I'm with you. This is why I asked the question in the first place. If two people have to make the same read, then bad things are likely to happen. There has to be a protocol, otherwise you'll get lots of fumbles. Given the TO is set up to grind out yards if need be or get big plays if the D screws up, having a lot of fumbles kills the entire system. Thus this communication / protocol is important.

I didn't realize that we were so bad in 2010 and 2008 but here are the stats. I realize that we run a lot more, but this stat is fumbles lost, not just fumbles. THis is probably why CPJ talks about fumbles and ball control so much.........

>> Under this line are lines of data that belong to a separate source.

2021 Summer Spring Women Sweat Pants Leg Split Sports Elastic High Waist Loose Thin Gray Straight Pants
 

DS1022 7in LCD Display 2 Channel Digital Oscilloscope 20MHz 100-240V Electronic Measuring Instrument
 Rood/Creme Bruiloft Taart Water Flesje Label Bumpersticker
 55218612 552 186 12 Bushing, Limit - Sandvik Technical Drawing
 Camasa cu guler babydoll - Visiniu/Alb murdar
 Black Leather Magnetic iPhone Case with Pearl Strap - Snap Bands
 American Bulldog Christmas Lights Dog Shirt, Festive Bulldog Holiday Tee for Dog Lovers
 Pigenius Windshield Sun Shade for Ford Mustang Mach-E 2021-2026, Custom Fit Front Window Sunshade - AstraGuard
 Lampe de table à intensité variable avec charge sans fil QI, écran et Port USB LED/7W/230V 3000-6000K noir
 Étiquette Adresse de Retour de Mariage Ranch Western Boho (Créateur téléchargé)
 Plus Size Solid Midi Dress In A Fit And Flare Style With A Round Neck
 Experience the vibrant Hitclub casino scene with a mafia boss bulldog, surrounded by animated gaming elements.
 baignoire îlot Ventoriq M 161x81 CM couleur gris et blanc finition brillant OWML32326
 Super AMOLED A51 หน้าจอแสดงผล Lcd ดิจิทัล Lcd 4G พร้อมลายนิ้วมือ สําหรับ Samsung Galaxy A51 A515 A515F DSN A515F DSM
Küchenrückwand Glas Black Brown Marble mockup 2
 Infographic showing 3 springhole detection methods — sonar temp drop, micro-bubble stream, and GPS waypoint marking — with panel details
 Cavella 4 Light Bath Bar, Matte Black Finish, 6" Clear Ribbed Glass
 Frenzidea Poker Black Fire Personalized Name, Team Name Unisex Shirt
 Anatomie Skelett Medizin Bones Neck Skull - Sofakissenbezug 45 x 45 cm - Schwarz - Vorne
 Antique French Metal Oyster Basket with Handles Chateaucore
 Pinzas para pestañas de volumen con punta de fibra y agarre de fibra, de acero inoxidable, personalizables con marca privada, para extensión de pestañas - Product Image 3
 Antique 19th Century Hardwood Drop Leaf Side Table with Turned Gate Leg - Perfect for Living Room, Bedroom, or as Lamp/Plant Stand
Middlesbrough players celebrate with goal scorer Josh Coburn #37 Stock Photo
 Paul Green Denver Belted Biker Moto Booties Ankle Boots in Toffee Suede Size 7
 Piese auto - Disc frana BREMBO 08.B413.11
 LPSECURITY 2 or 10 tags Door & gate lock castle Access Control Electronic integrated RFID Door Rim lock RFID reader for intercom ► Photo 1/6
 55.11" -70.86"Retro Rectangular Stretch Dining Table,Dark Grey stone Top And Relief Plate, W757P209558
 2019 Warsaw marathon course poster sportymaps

Year, then fumbles lost, then ranking of about 120 D1 teams http://www.cfbstats.com/2008/leader/national/team/offense/split01/category17/sort01.html
2013, 11, 86th
2012, 12, 87th
2011, 11, 61st
2010, 20, 119th (we tied for the worst in CFB, awful year where we would drive and fumble like clockwork)
2009, 12, 79th
2008, 20, 118th (we were learning the system till we forgot it in 2010)

For passing routes, often times the QB will throw to a certain area when he sees a certain D. It's up to the receiver to make the same read and adjust his route. In that case, you usually get an incompletion. In our case with the BB/QB, you get a fumble.